Going forward, if a solicitor general’s supposed commitment to “doing justice” is to be taken seriously, he or she should account for the ways in which increased prosecution and mass incarceration harm society when considering whether to defend a lower court’s judgment or support a state or local government as an amicus….
What is tacitly argued is that the position taken by the SG should reflect the SG’s personal view of “justice” rather than the position of the president or the attorney general. This may well mean if the SG doesn’t like something Congress has done, the SG should feel empowered to use the gravitas of the office to argue against it before the Supreme Court. The implicit view is that if the SG was an anti-carceral activist, then the official legal position of the United States should be the SG’s personal view.

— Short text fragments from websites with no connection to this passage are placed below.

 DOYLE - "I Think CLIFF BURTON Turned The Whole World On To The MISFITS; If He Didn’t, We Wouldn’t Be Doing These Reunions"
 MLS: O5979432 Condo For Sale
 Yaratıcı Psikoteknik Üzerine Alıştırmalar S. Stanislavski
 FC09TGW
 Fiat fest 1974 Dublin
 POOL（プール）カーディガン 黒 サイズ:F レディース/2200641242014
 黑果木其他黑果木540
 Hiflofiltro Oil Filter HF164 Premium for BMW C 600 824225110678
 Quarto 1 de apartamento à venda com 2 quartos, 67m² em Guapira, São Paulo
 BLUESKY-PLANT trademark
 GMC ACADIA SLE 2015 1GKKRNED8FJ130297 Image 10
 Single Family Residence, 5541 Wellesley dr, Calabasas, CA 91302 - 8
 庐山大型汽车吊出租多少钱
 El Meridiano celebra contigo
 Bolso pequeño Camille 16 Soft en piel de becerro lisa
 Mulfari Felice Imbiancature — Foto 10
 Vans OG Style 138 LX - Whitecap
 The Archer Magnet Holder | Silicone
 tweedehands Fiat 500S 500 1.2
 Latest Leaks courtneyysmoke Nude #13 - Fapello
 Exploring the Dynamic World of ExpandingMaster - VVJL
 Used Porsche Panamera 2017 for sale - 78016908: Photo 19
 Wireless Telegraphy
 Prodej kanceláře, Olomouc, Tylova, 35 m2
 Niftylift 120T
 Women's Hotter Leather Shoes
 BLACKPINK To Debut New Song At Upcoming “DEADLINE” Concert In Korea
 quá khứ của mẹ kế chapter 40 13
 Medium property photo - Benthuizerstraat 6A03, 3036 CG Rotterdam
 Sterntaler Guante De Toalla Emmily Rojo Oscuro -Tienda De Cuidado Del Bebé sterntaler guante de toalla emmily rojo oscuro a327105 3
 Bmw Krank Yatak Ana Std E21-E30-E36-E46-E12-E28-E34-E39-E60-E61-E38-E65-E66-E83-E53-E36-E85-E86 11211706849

While the Solicitor General is given substantial discretion in the performance of the duties of office, should it be unfettered by the policies of those who are above the SG in the government hierarchy? Is the SG a lone eagle, accountable to no one with powers to not only reject any duty to the president and congress, but defy them when the SG disagrees with their decisions?
Like district attorneys, the contention is that by capturing a few “chokehold” positions, activists can radically change the system. It’s a lot easier to undo Congress’ mischief by having the SG argue that duly enacted laws are unconstitutional, for example, than it is to get enough progressive Dems elected to seize control of Congress. Why put all that effort and energy into a cause that will almost certainly fail when the placement of one person in one post will not only do the trick, but do it with far greater certainty and effectiveness?
Of course, what that also means is that the job of Solicitor General, of representing the interests of the United States as determined by those elected to make such decisions, leaves the majority of a nation without an advocate before the Supreme Court, leaving it entirely in the hands of the SG to decide for a nation what its legal position should be.
It’s a smart plan if it can be accomplished, and now that progressive district attorneys are a thing, will SG be the next office to seize?
*The authors of the post, Darcy Covert and Annie J. Wang, graduated Yale law in 2020. Covert is a public defender in Seattle, and no job is noted for Wang.